0

I am new here, I apologize if the layout is not typical.

I have a large csv with around 150,000 rows. The Date column alternates between two formats, but it always increases in increments of 10 minutes.

First 2001-02-08 2:30:00 AM -- %Y-%m-%d %I:%M:%S %p

Second 01/13/08 00:20:00 -- %y/%d/%m %H:%M:%

I have a bunch of ways, one is to parse as I read_csv and second is to use pd.to_dateime.
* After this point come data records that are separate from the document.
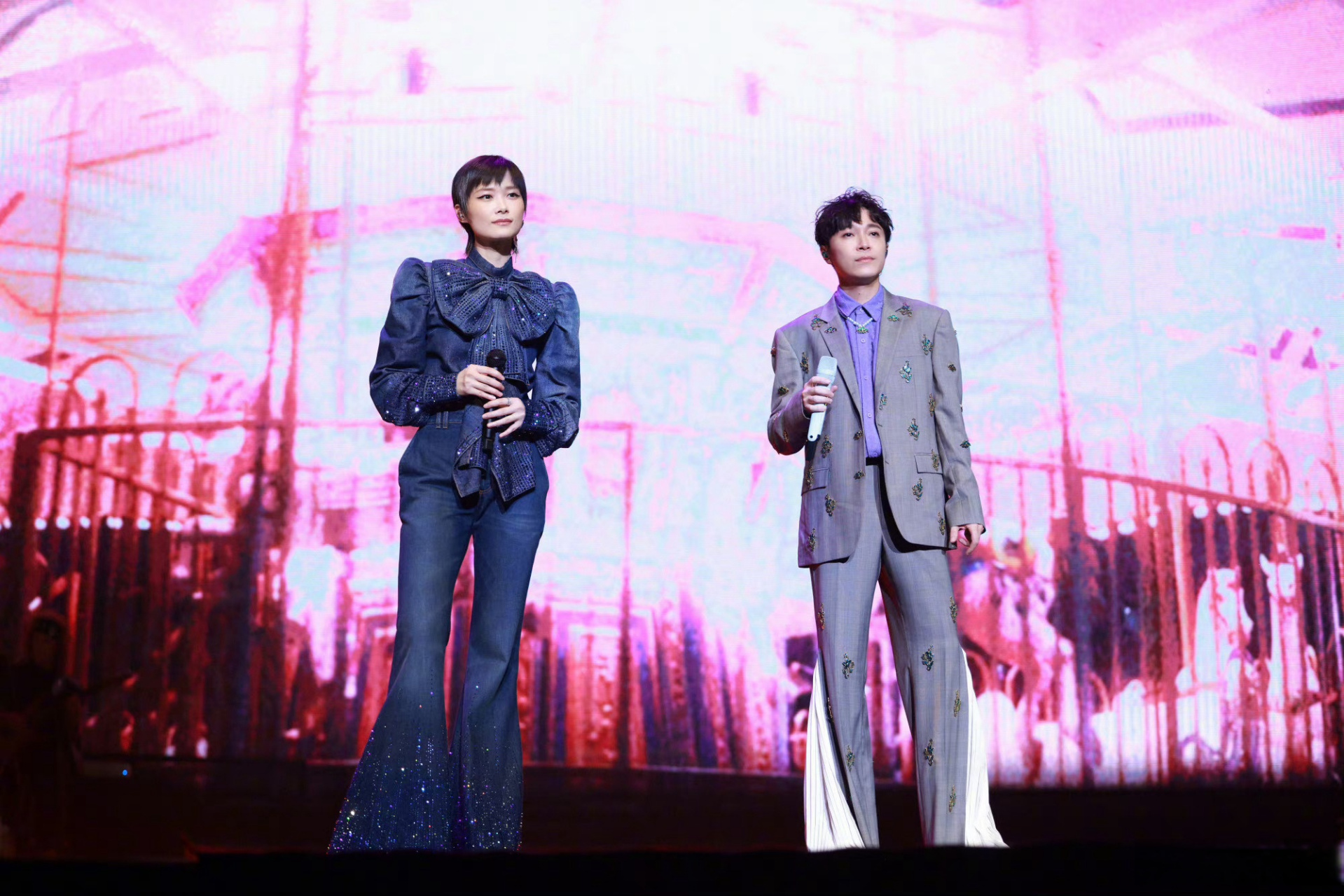 吴青峰感谢李宇春# 神仙友谊,感谢春春的邀请呀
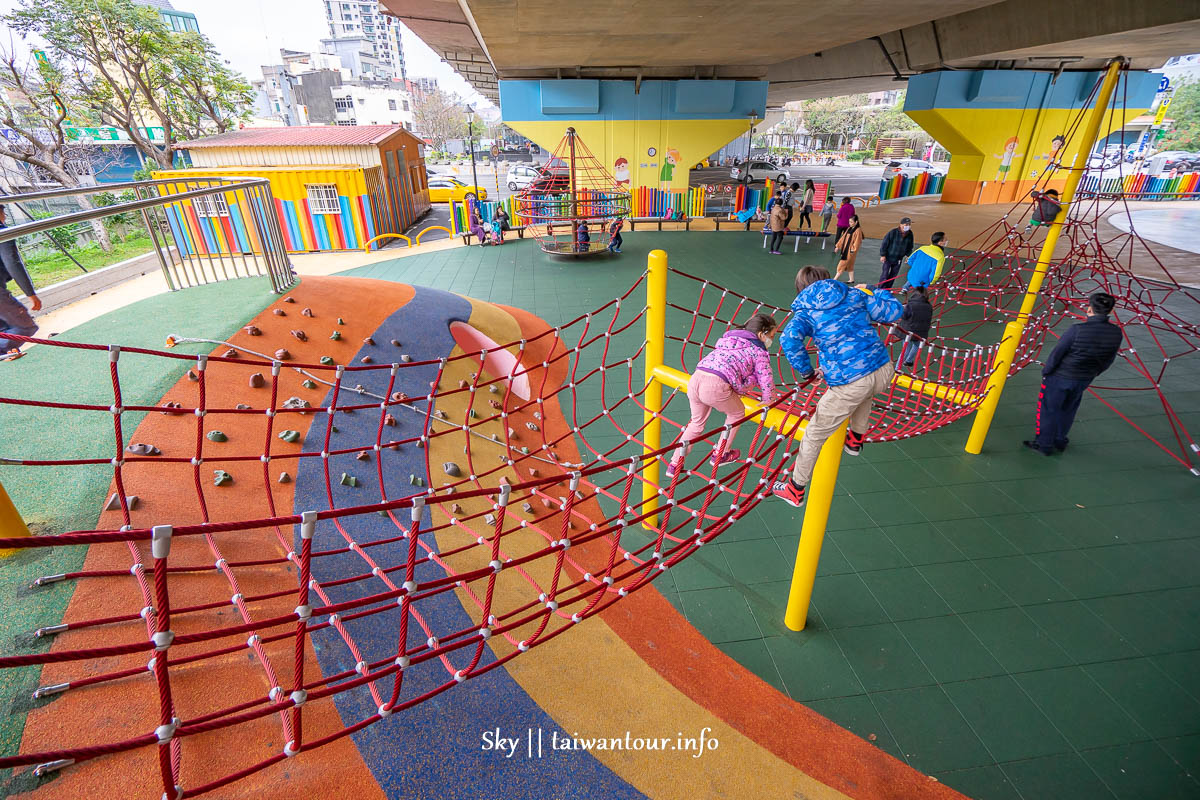 桃園親子景點【舞動園區】龍潭雨天備案公園遊戲場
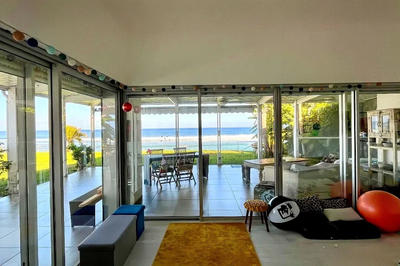 Maison - 240 m² - 8 pièces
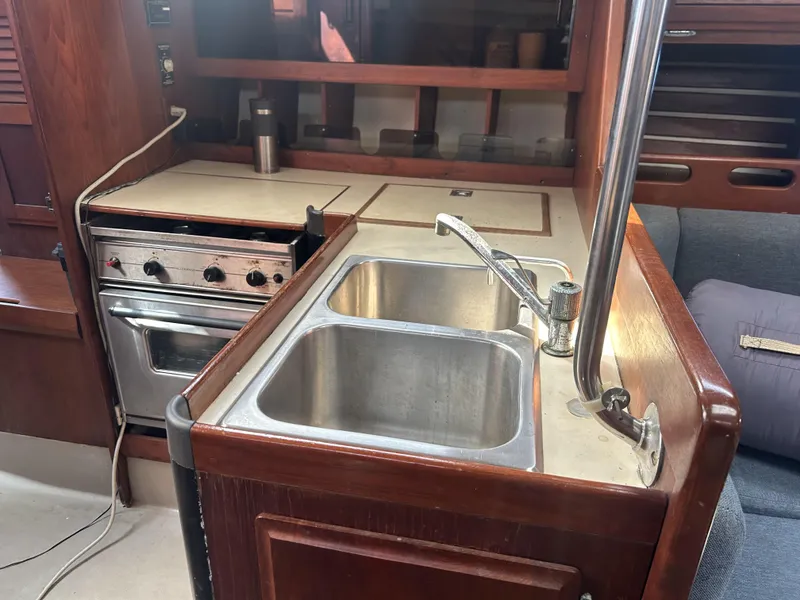 Slide: The Image of O'Day 39 Aft Cockpit 4ft 9in Draft 1986 - 63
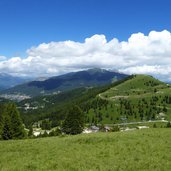 folgaria paesaggio e impianti di risalita di fondo piccolo da truagalait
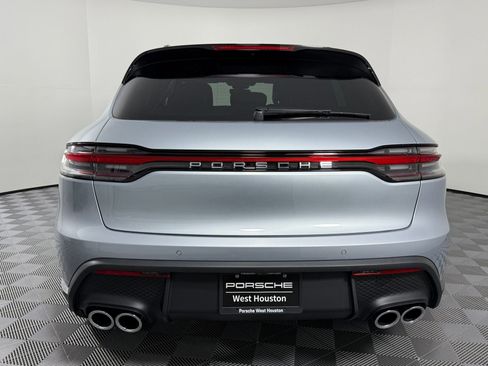 Certified 2026 Porsche Macan AWD/4WD image 10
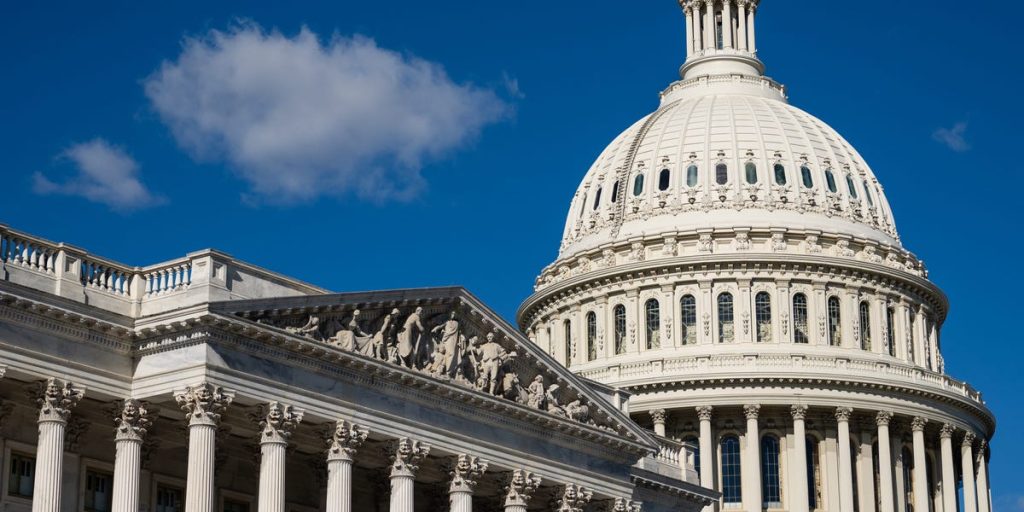 واشنطن تتخذ خطوة جديدة نحو إنهاء أطول إغلاق حكومي في تاريخ الولايات المتحدة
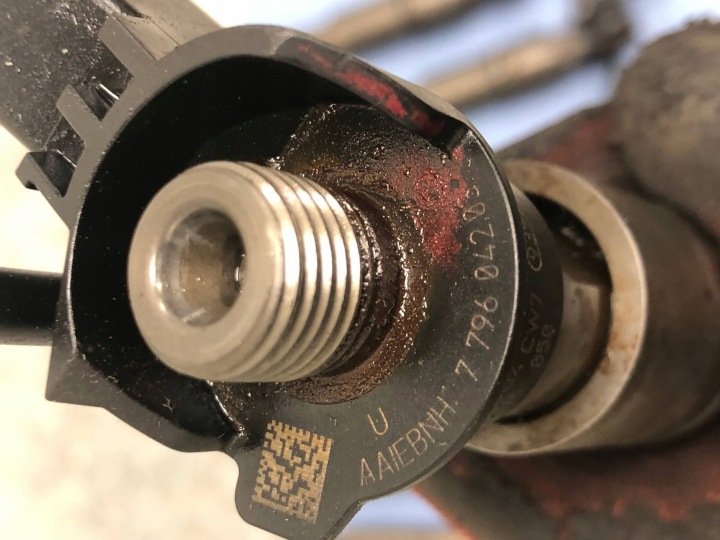 фото №9, Форсунки форсунки 3.0d m57 tue2 306d3 bmw e60 e61 7796042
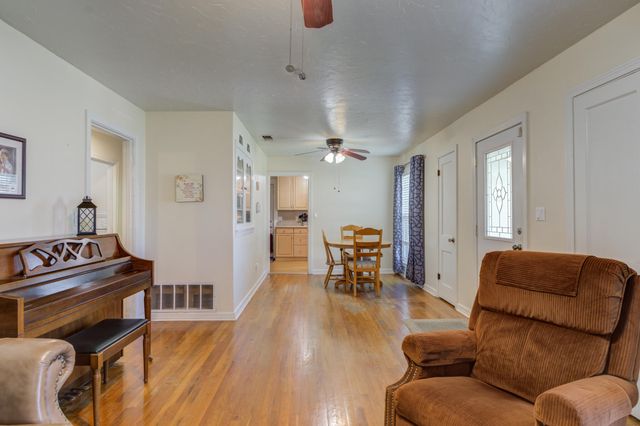 916 E Tate Street, Brownfield, TX 79316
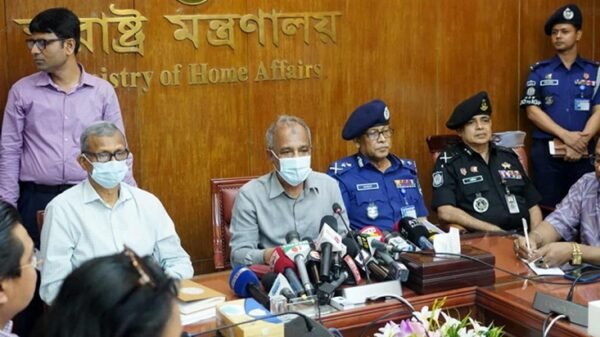 জুলাইকে কেন্দ্র করে কোনও ধরনের হুমকি নেই: স্বরাষ্ট্র উপদেষ্টা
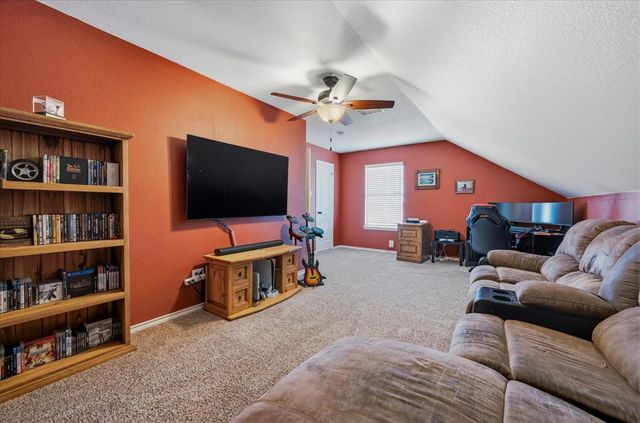 104 Caballos Lane, Springtown, TX 76082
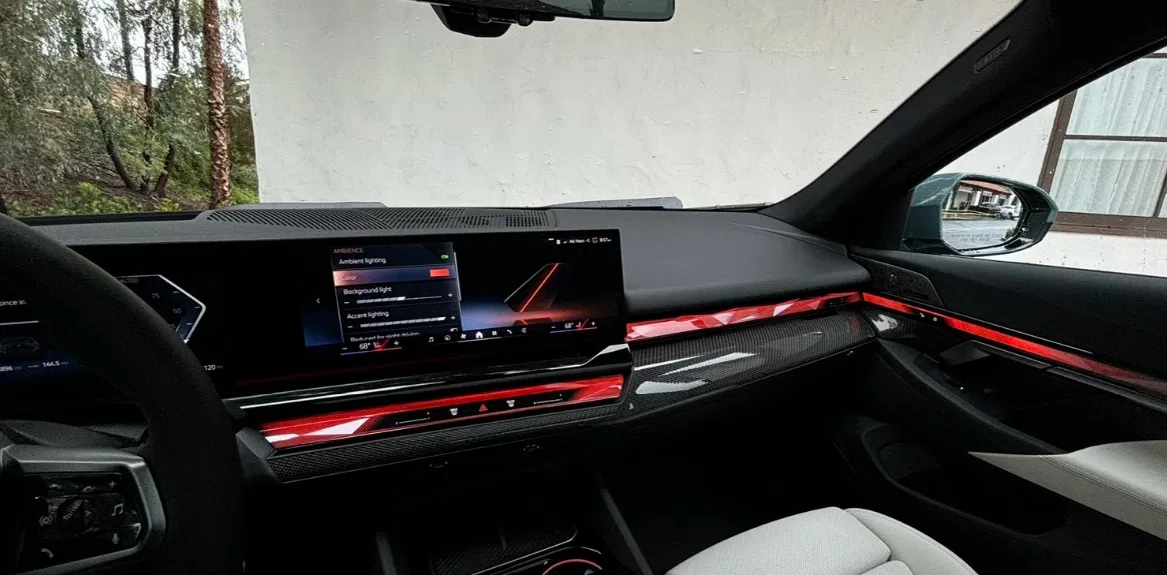Nội thất của xe BMW i5 (Ảnh: Internet) Nội thất của xe BMW i5 (Ảnh: Internet)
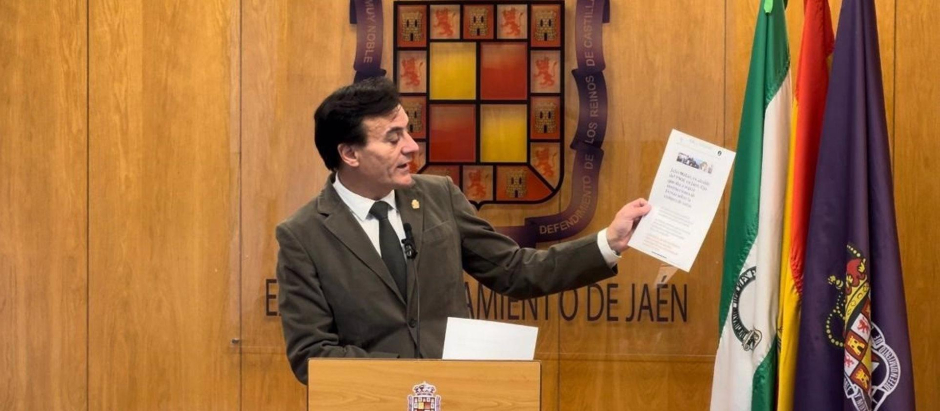 El alcalde de Jaén, Agustín González, en la rueda de prensa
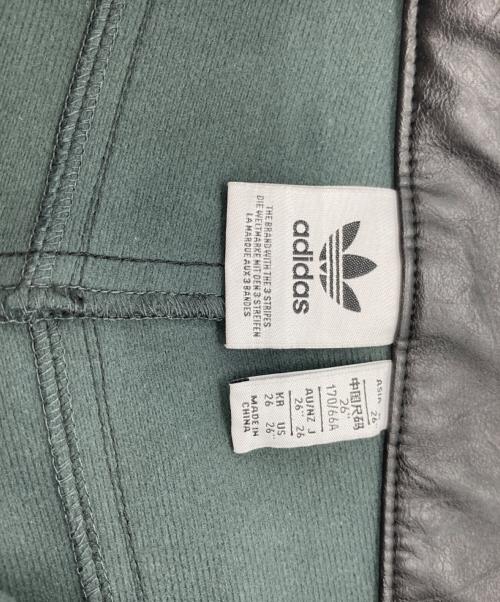 adidas（アディダス）adidas (アディダス) Adilenium シーズン 3 ビンテージ フェイクレザーパンツ ブラック サイズ:26 未使用品の古着・服飾アイテム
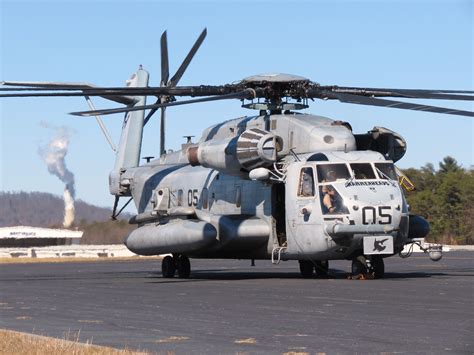 CH-53E Super Stallion by InDeepSchit on deviantART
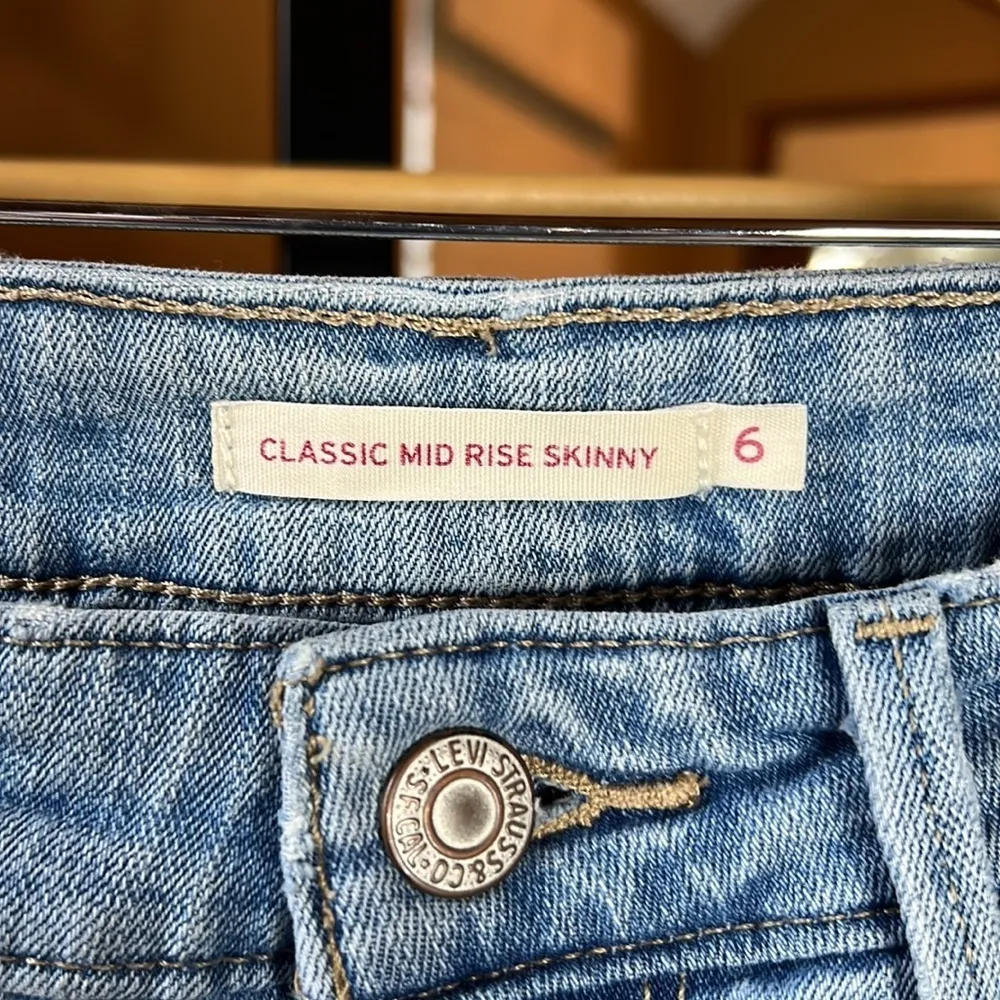 Levi’s Women's Classic Mid Rise Skinny Light Blue Jeans Size 6M W28 L30 - Image 6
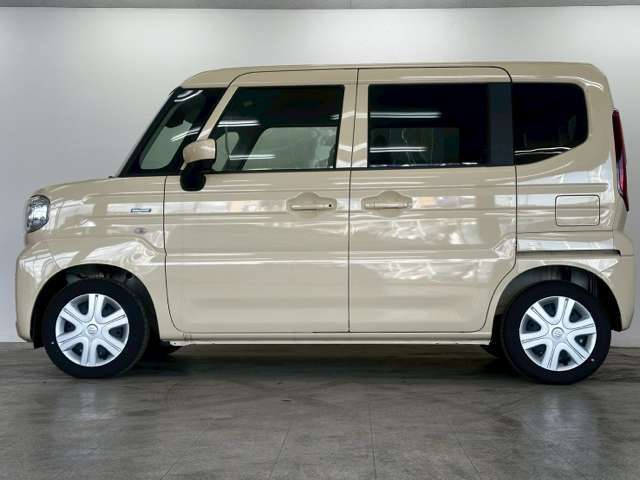 当店は16号線沿いにあります。「軽」未使用車専門店と書かれている赤色の看板が目印です。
But I keep getting an erroneous output.

The attached picture is the output from

df1['Test'] = pd.to_datetime(df1['Date'],yearfirst=True)

the year in the output should not be 2008

Output

Format1 Fortmat2

TAbbs
  • 1
  • 1

1 Answers1

0

Parse the dates both ways and combine the results:

df1['Test'] = pd.to_datetime(df['A'], format="%y/%d/%m %H:%M:%S", 
                                    errors='coerce')\
                .combine_first(pd.to_datetime(df['A']))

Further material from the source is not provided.